───── SOURCE DATA

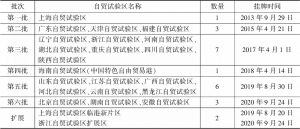 表1 中国21个自贸试验区及扩展区基本信息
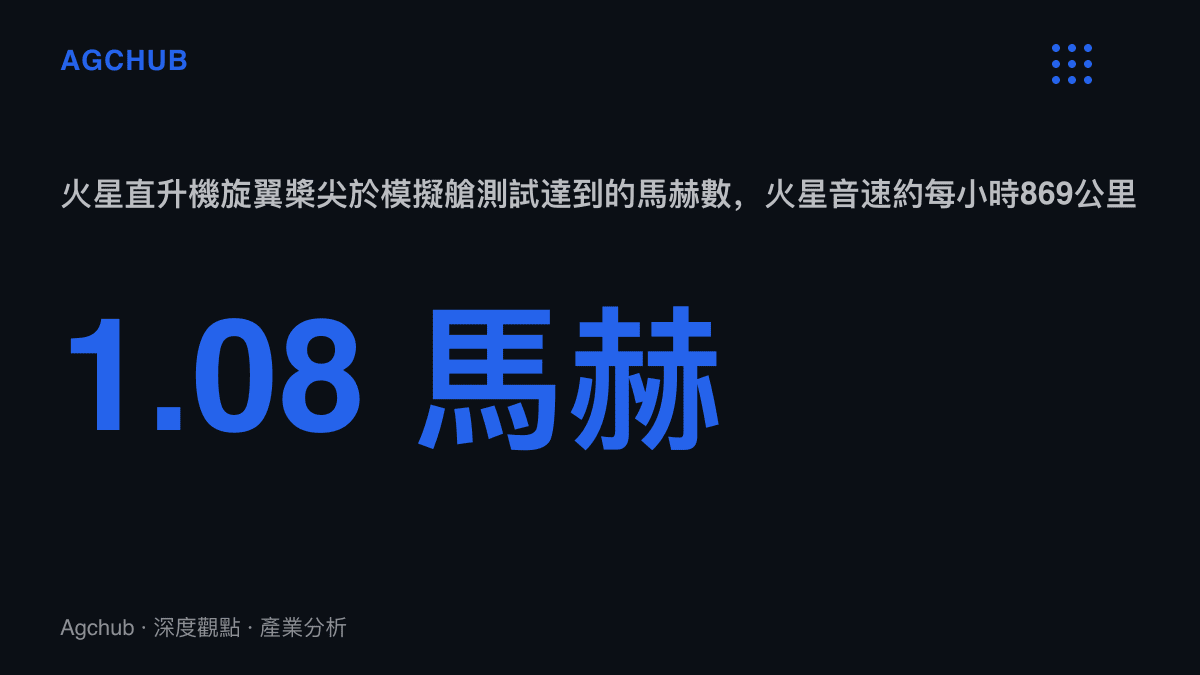 統計圖卡呈現火星直升機旋翼槳尖在JPL模擬艙內達到1.08馬赫，超過火星大氣約每小時869公裏的音速，地球海平面音速則為1,223公裏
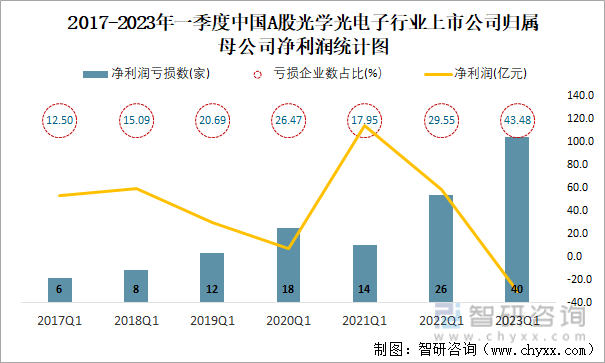 2017-2023年一季度中国A股光学光电子行业上市公司归属母公司净利润统计图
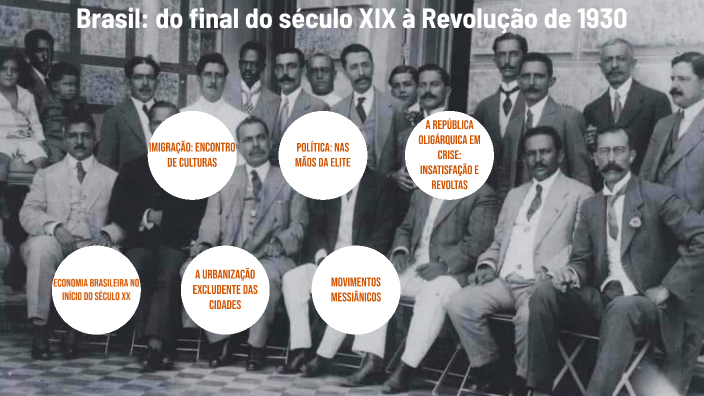 Brasil: do final do século XIX à Revolução de 1930 by Vanderlei Machado ...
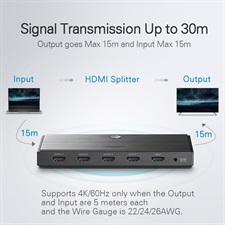 UGREEN CM187 1X4 HDMI Splitter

──────────

* REQUIRED WORK
Leaving the pictures out, output each line of the listing exactly.

* ANSWER SECTION
 表1 中国21个自贸试验区及扩展区基本信息
 統計圖卡呈現火星直升機旋翼槳尖在JPL模擬艙內達到1.08馬赫，超過火星大氣約每小時869公裏的音速，地球海平面音速則為1,223公裏
 2017-2023年一季度中国A股光学光电子行业上市公司归属母公司净利润统计图
 Brasil: do final do século XIX à Revolução de 1930 by Vanderlei Machado ...
 UGREEN CM187 1X4 HDMI Splitter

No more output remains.